Spam emails are more than just a nuisance. As recently as 2008, spam constituted an apocalyptic 97.8 percent of all email traffic according to a [2009 Microsoft security report](http://download.microsoft.com/download/4/3/8/438BE24D-4D58-4D9A-900A-A1FC58220813/Microsoft_Security_Intelligence_Report _volume8_July-Dec2009_English.pdf). That tide has thankfully turned and, as of May 2019, spam makes up only about [85 percent of email traffic](https://www.talosintelligence.com/reputation_center/email_rep) — thanks, in no small part, to Naive Bayes spam filters.

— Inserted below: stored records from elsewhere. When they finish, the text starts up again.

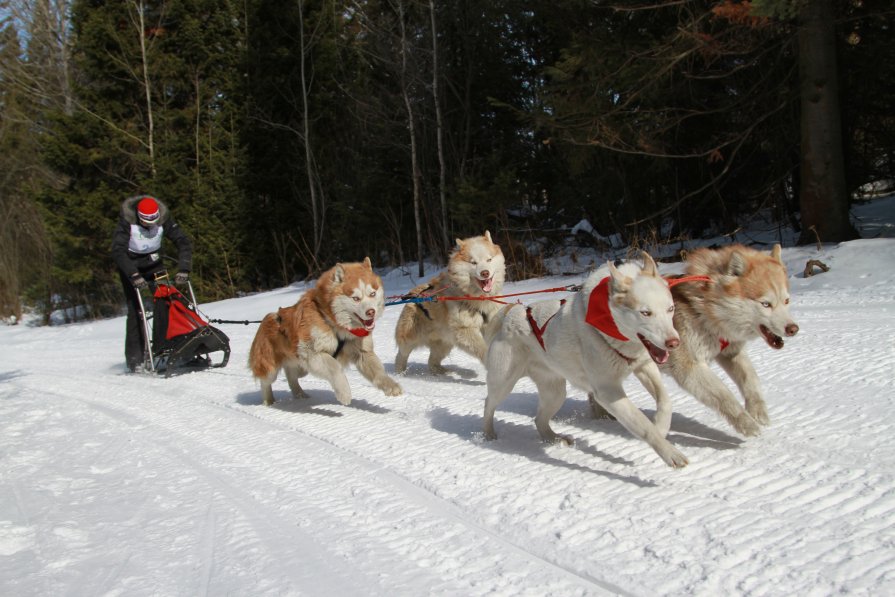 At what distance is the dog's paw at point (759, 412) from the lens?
403 centimetres

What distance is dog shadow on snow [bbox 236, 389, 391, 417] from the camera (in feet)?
19.6

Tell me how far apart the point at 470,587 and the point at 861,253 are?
912 centimetres

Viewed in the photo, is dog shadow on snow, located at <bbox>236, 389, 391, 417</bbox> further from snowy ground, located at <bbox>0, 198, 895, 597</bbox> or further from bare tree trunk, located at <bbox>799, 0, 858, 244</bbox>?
bare tree trunk, located at <bbox>799, 0, 858, 244</bbox>

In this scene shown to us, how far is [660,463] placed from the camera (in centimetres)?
375

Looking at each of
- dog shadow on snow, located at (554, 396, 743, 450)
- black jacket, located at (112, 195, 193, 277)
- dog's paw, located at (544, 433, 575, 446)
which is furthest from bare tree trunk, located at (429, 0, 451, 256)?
dog's paw, located at (544, 433, 575, 446)

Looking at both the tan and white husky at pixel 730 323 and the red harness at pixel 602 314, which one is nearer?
the red harness at pixel 602 314

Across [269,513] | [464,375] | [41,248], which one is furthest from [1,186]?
[269,513]

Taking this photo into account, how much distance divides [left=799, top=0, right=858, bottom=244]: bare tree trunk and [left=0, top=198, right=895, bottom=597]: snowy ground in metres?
5.05

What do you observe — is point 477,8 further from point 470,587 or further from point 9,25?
point 9,25

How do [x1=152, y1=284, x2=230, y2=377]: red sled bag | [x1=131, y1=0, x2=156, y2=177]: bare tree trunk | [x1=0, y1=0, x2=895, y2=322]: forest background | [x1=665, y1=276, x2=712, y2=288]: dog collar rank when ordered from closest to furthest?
[x1=665, y1=276, x2=712, y2=288]: dog collar, [x1=152, y1=284, x2=230, y2=377]: red sled bag, [x1=0, y1=0, x2=895, y2=322]: forest background, [x1=131, y1=0, x2=156, y2=177]: bare tree trunk

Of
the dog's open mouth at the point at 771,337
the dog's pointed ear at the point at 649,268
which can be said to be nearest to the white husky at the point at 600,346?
the dog's pointed ear at the point at 649,268

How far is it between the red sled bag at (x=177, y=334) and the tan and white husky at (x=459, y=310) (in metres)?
2.81

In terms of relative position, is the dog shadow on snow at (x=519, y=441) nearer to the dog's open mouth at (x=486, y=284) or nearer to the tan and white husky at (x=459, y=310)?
the tan and white husky at (x=459, y=310)

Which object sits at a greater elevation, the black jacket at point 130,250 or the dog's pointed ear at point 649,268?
the black jacket at point 130,250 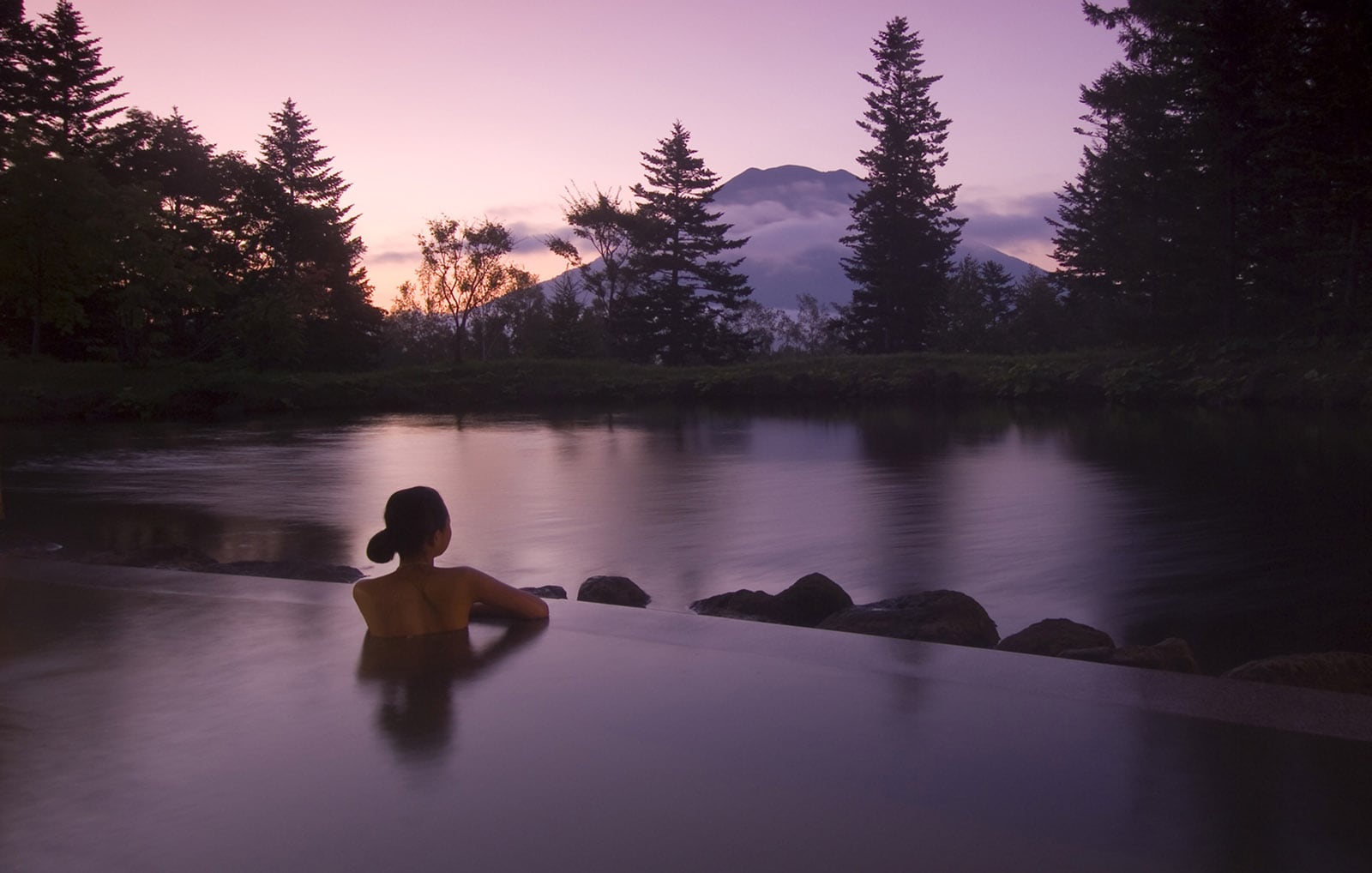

Naive Bayes is a convenient algorithm for spam detection because it does not require encoding complex rules. All it needs is training examples, of which there are plenty when it comes to email spam. Naive Bayes does all this through the use of [conditional probability](https://en.wikipedia.org/wiki/Conditional_probability).

> **Learning objective:** By the end of this section, you should have a basic understanding of how naive Bayes works and some of the reasons for its popularity.

## Conditional probability

Ordinary probability deals with the likelihood of isolated events occurring. For example, rolling a 6 on a fair six-sided die will occur, on average, on one out of six rolls. Mathematicians express this probability as $P({\rm die}=6)=\frac{1}{6}$.

Conditional probability concerns itself with the contingencies of interconnected events: what is the probability of event $A$ happening if event $B$ occurs. Mathematicians denote this as $P(A|B)$, or "the probability of $A$ given $B$."

In order to compute the probability of conditional events, we use the following equation:

$P(A \mid B)=\cfrac{P(A \cap B)}{P(B)}$

This equation is nice, but it assumes that we know the joint probability $P(A\cap B)$, which we often don't. Instead, we often need to know something about $A$ but all we can directly observe is $B$. For instance, when we want to infer whether an email is spam only by knowing the words it contains. For this, we need Bayes' law.

## Bayes' law

Bayes' law takes its name from the eighteenth-century English statistician and philosopher Thomas Bayes, who described the probability of an event based solely on prior knowledge of conditions that might be related to that event thus:

$P(A \mid B)=\cfrac{P(B \mid A)P(A)}{P(B)}$

In words, Bayes' Law says that if I know the prior probabilities $P(A)$ and $P(B)$, in addition to the likelihood (even just an assumed likelihood) $P(B \mid A)$, I can compute the posterior probability $P(A \mid B)$. Let's apply this to spam.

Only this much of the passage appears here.